(Short web captions)
________
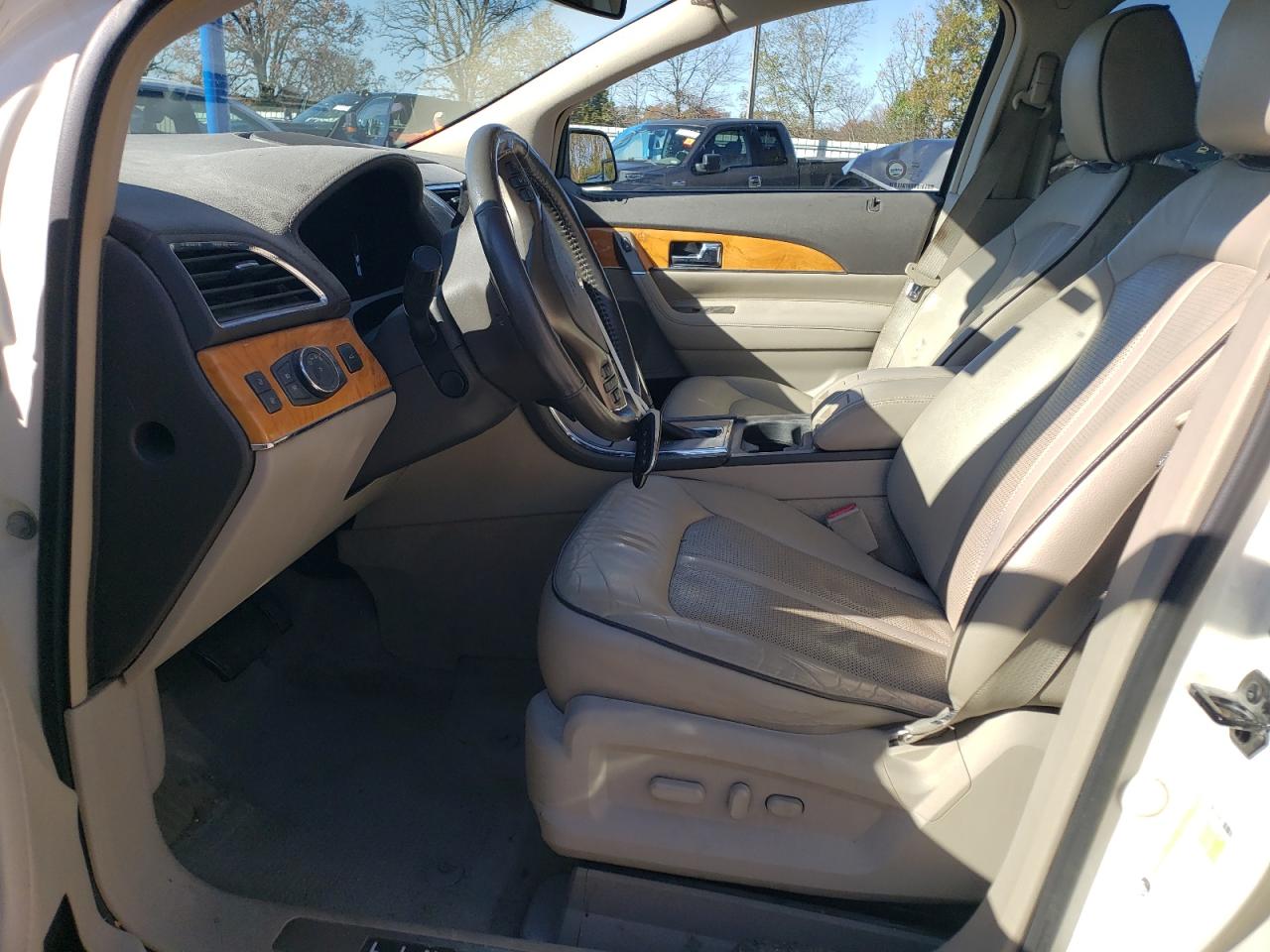 2013 Lincoln MKX VIN 2LMDJ8JK6DBL02894 Copart auction photo, undercarriage / minor dent/scratches damage thumbnail 7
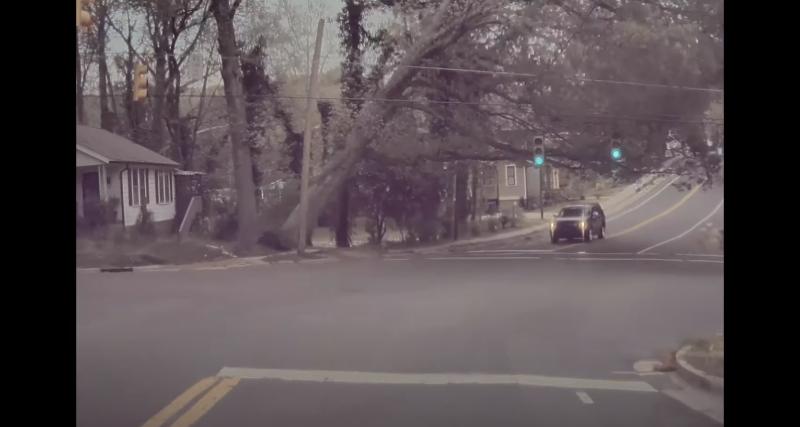  - VIDEO - Ce SUV évite de peu la chute d’un arbre et s’en sort très très bien
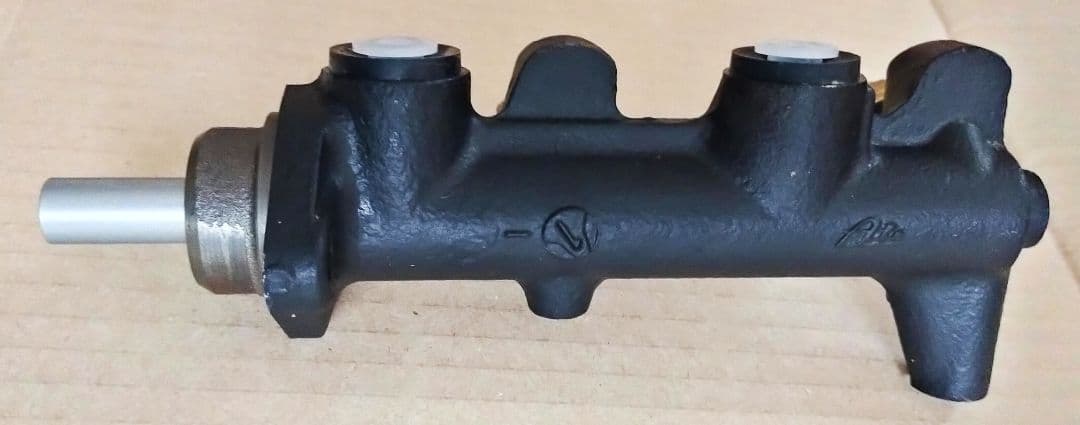 Porsche 930 turbo ブレーキマスターシリンダー Porsche 930 turbo ブレーキマスターシリンダー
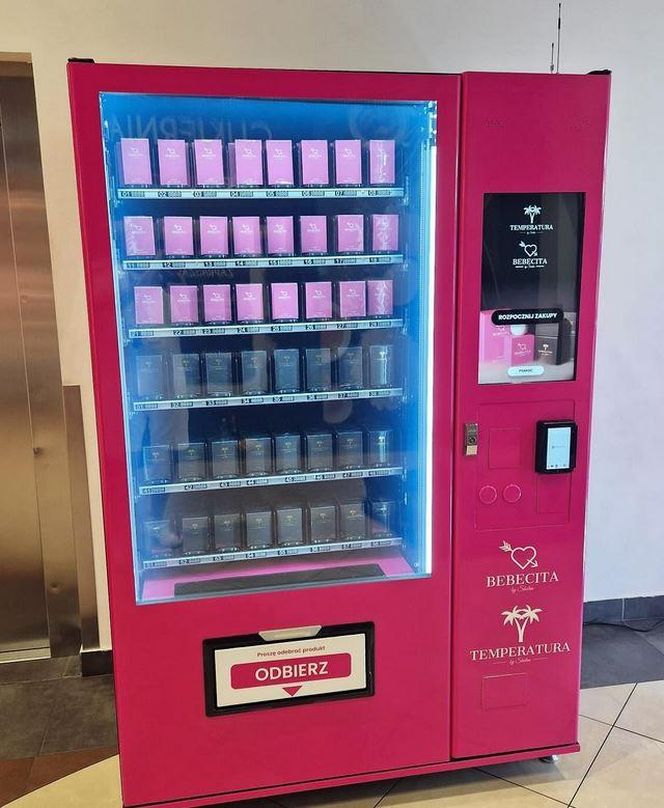 Skolim i automat z perfumami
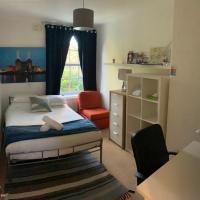 CENTRAL LOCATION! Double Bedroom 2 Mins Walk from Battersea Power underground Station!, hotel sa Battersea, London
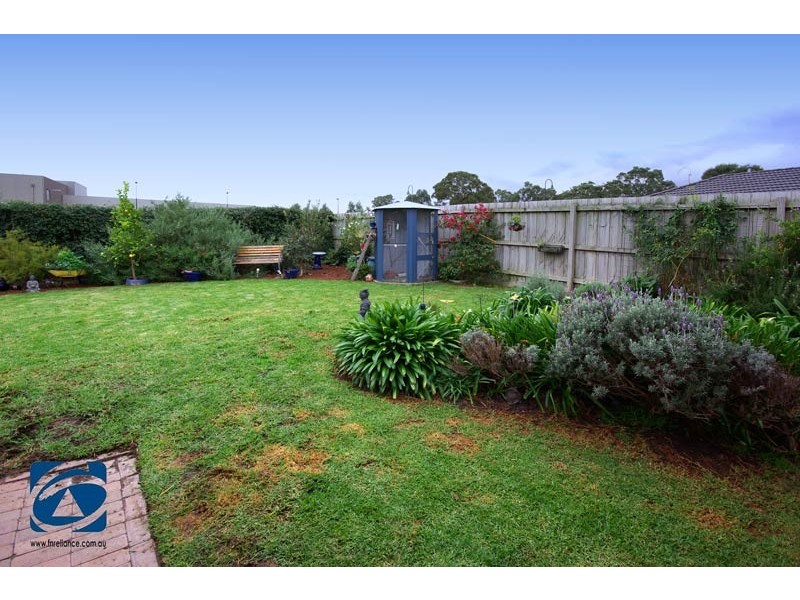 14 Cilento Crescent, Lynbrook VIC 3975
________
**REQUIREMENT:** Please output an exact repetition of the lines from the line containing "Skolim i automat z perfumami" to the end of the records, both included, with no pictures and no additional text.

**SOLUTION:**
 Skolim i automat z perfumami
 CENTRAL LOCATION! Double Bedroom 2 Mins Walk from Battersea Power underground Station!, hotel sa Battersea, London
 14 Cilento Crescent, Lynbrook VIC 3975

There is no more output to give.